> **Data extracts**
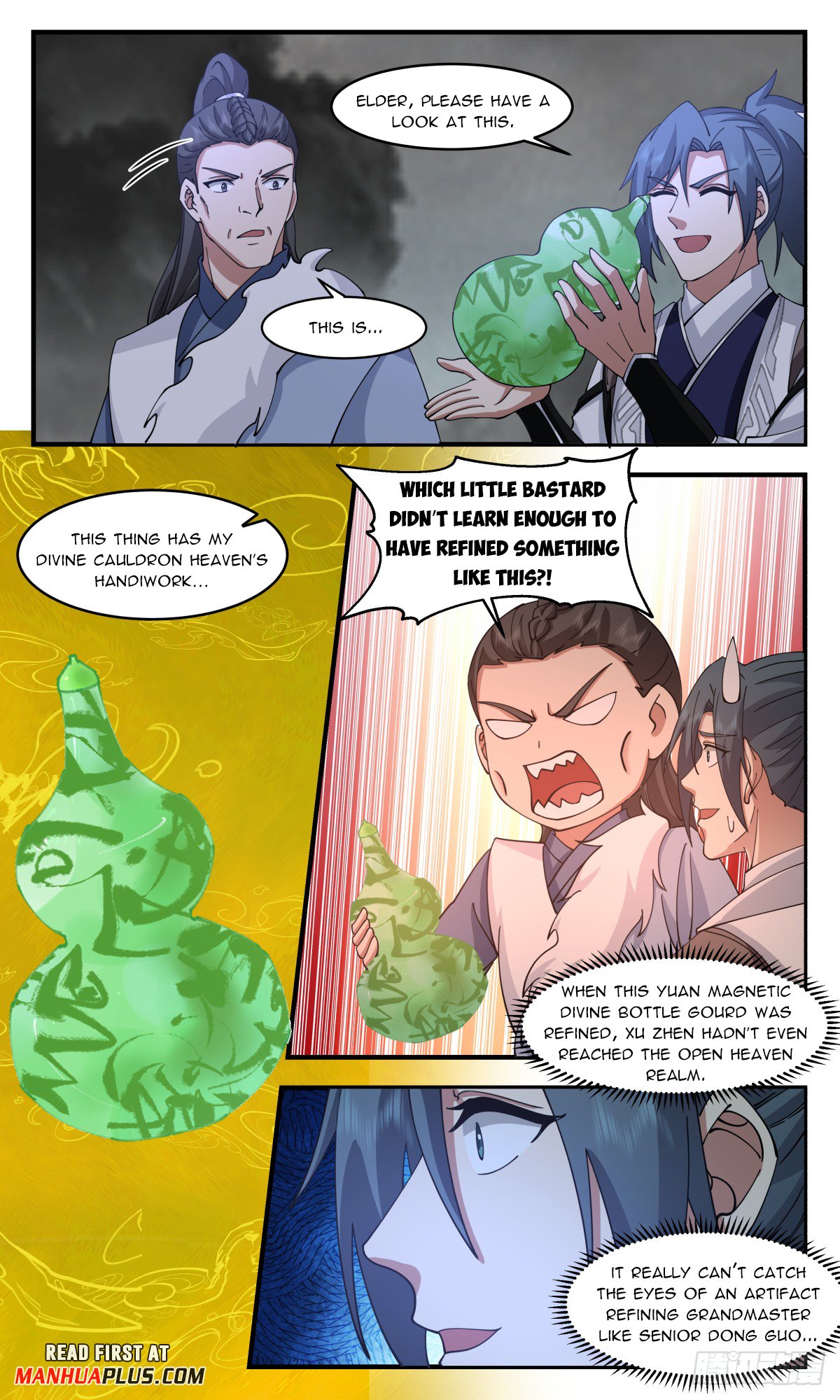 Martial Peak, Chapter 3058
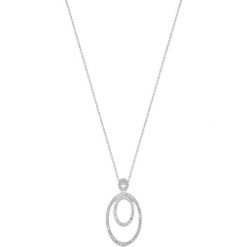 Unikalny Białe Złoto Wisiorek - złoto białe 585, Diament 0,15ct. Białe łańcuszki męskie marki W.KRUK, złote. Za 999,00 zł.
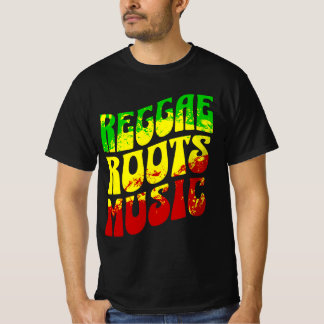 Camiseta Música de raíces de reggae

---

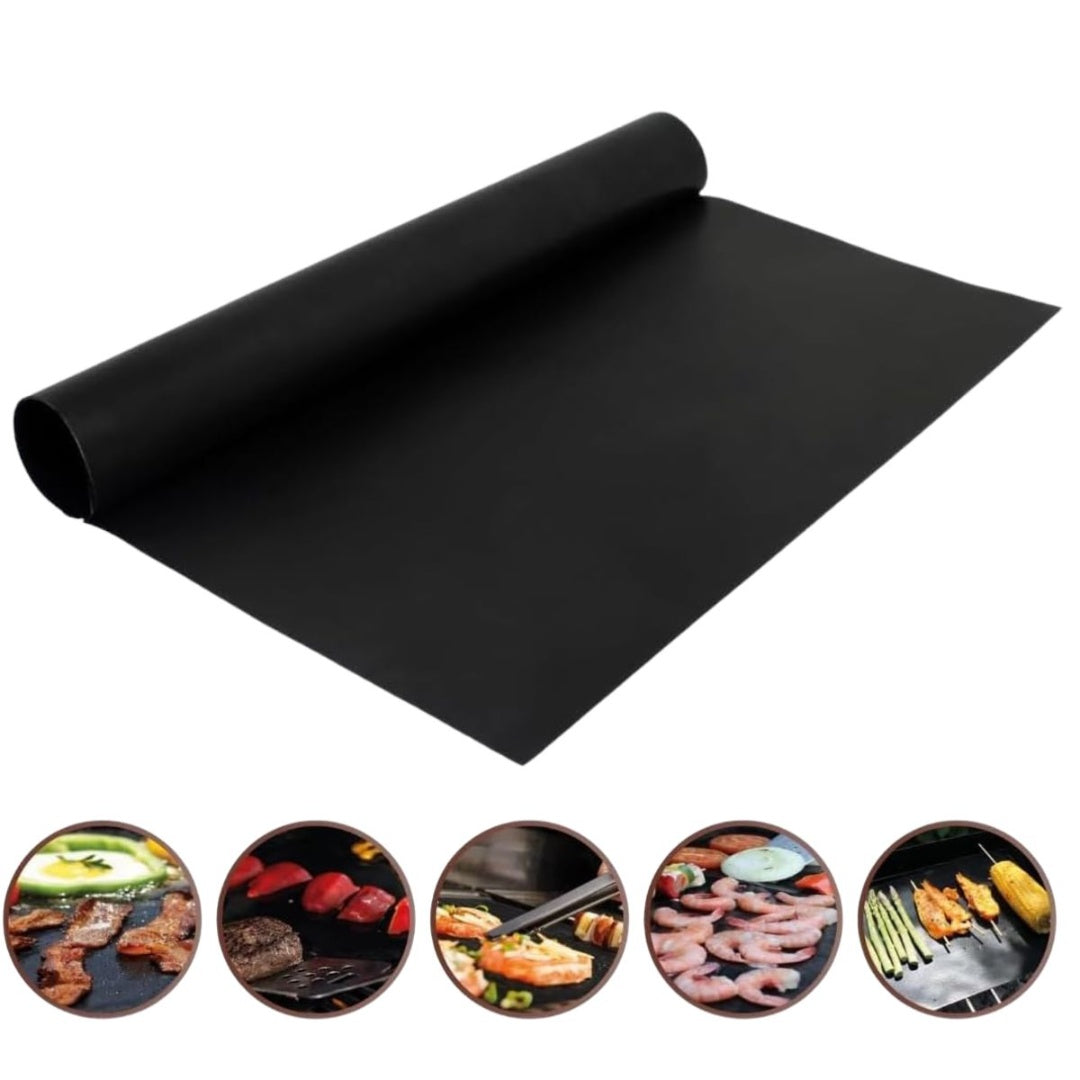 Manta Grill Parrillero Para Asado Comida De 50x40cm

> **What to do**
In the records above, copy exactly everything from the line that has "Unikalny Białe Złoto" down to the line that has "Camiseta Música de raíces de reggae", both ends included, and leave out the pictures.

> **Answer space**
 Unikalny Białe Złoto Wisiorek - złoto białe 585, Diament 0,15ct. Białe łańcuszki męskie marki W.KRUK, złote. Za 999,00 zł.
 Camiseta Música de raíces de reggae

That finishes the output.